**EXERCISE OBJECTIVE**
Could you reproduce, from the records below, everything from the line with "Photo 1 of Dress" down to the line with "Naturlig Tandblegning Tandpasta", keeping both of those lines and changing nothing?

**SUPPLIED MATERIAL**
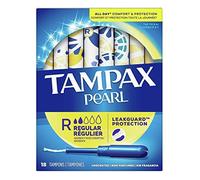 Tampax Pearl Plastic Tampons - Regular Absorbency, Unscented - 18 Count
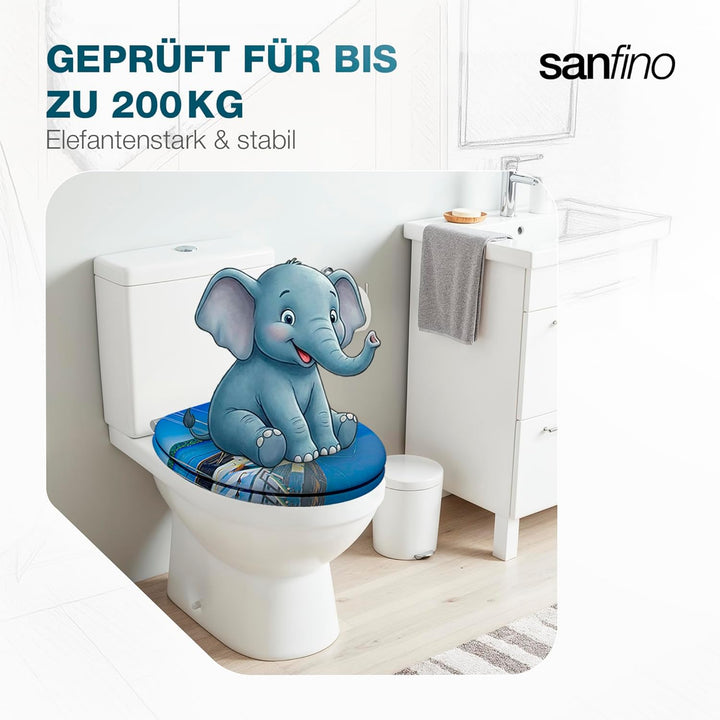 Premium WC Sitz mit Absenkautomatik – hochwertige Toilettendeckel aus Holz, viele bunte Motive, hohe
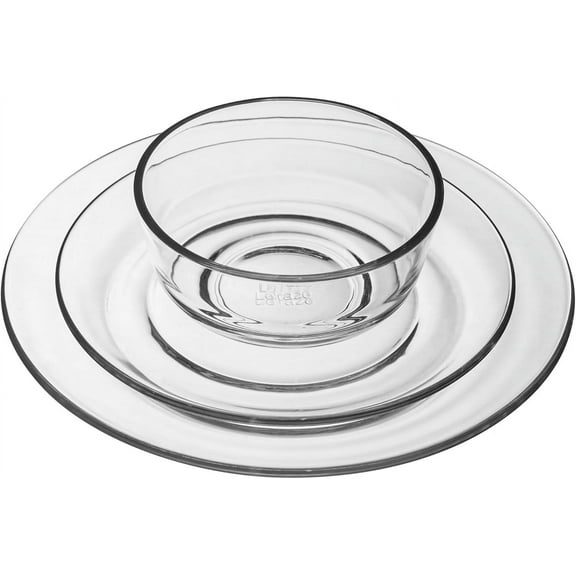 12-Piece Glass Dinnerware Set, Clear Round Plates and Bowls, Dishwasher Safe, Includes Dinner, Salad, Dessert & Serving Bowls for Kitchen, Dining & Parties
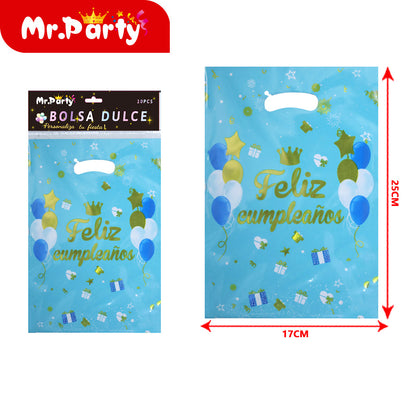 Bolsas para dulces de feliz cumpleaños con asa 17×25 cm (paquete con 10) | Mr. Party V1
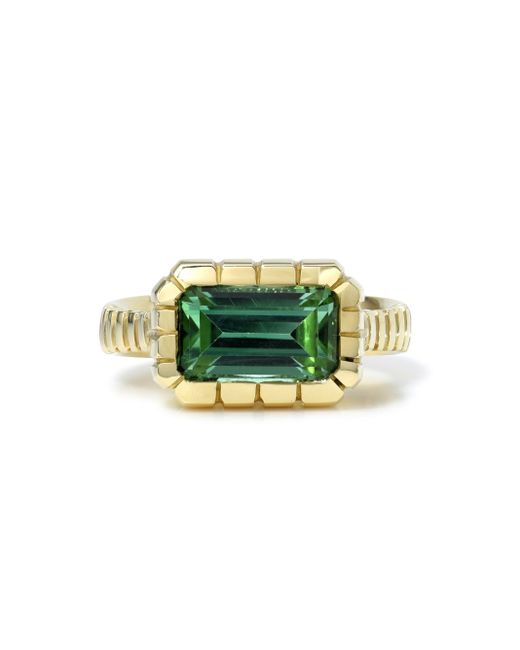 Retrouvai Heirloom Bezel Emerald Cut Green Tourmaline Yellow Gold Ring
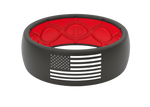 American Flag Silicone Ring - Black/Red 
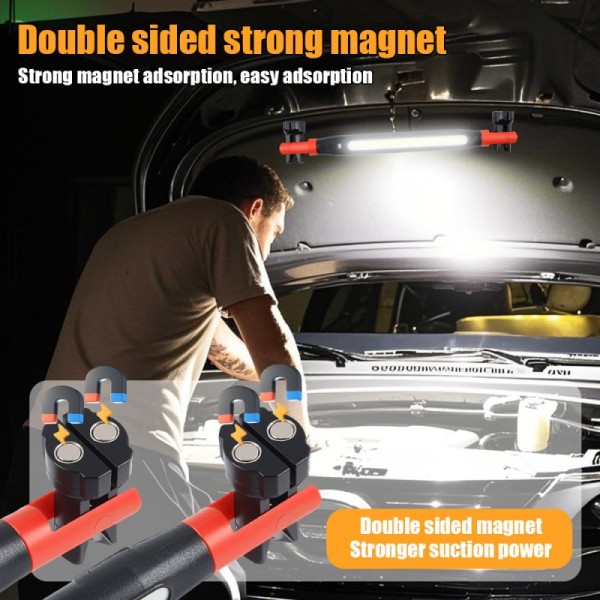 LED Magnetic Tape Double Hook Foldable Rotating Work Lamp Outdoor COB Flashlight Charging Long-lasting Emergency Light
---
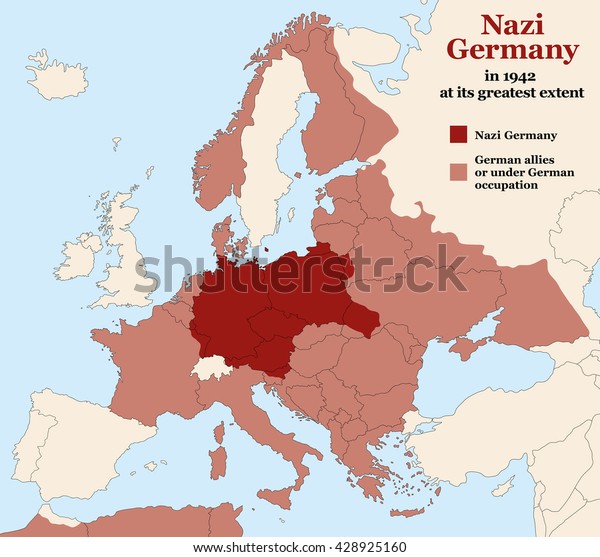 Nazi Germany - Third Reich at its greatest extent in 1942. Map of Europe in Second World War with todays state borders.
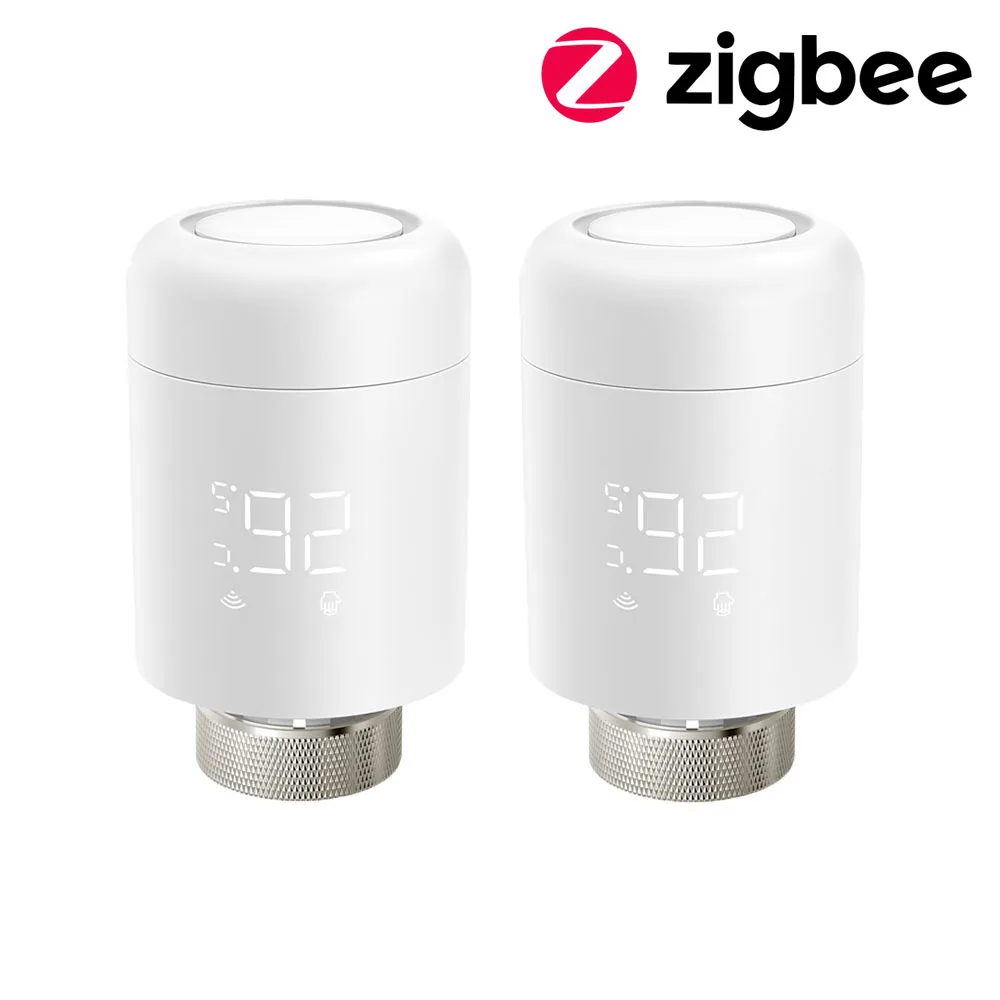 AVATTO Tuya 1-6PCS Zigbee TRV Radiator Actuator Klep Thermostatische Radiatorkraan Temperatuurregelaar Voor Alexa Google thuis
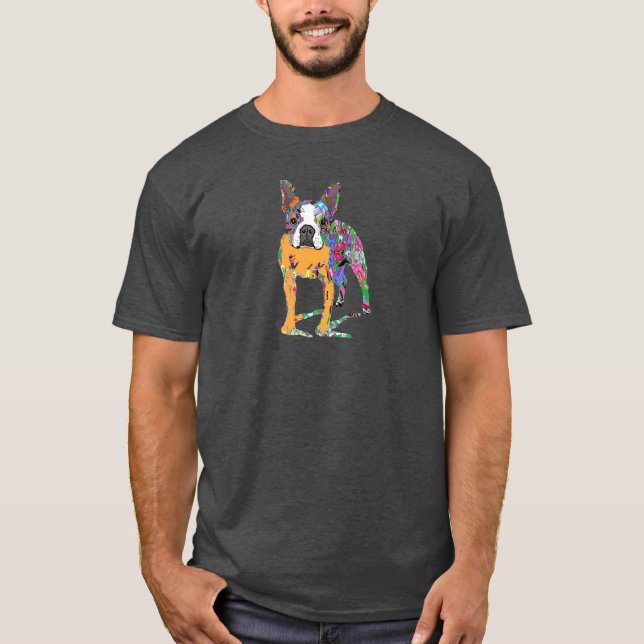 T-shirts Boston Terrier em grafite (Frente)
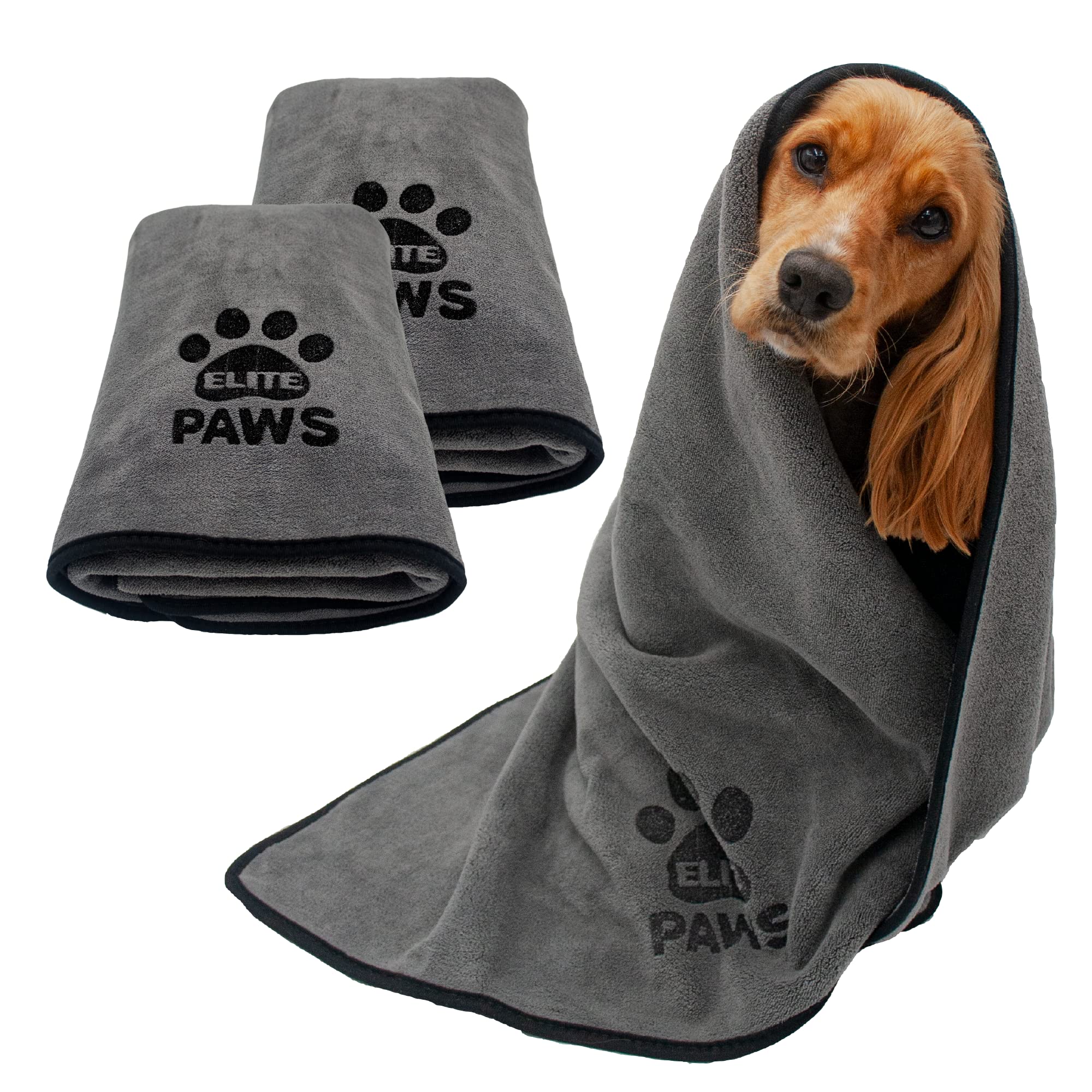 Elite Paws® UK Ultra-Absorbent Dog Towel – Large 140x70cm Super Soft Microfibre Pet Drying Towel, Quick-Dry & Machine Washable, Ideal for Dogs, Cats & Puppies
==
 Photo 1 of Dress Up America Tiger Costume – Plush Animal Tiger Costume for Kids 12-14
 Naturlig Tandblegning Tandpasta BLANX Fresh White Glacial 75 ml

**RESULT**
 Photo 1 of Dress Up America Tiger Costume – Plush Animal Tiger Costume for Kids 12-14
 Naturlig Tandblegning Tandpasta BLANX Fresh White Glacial 75 ml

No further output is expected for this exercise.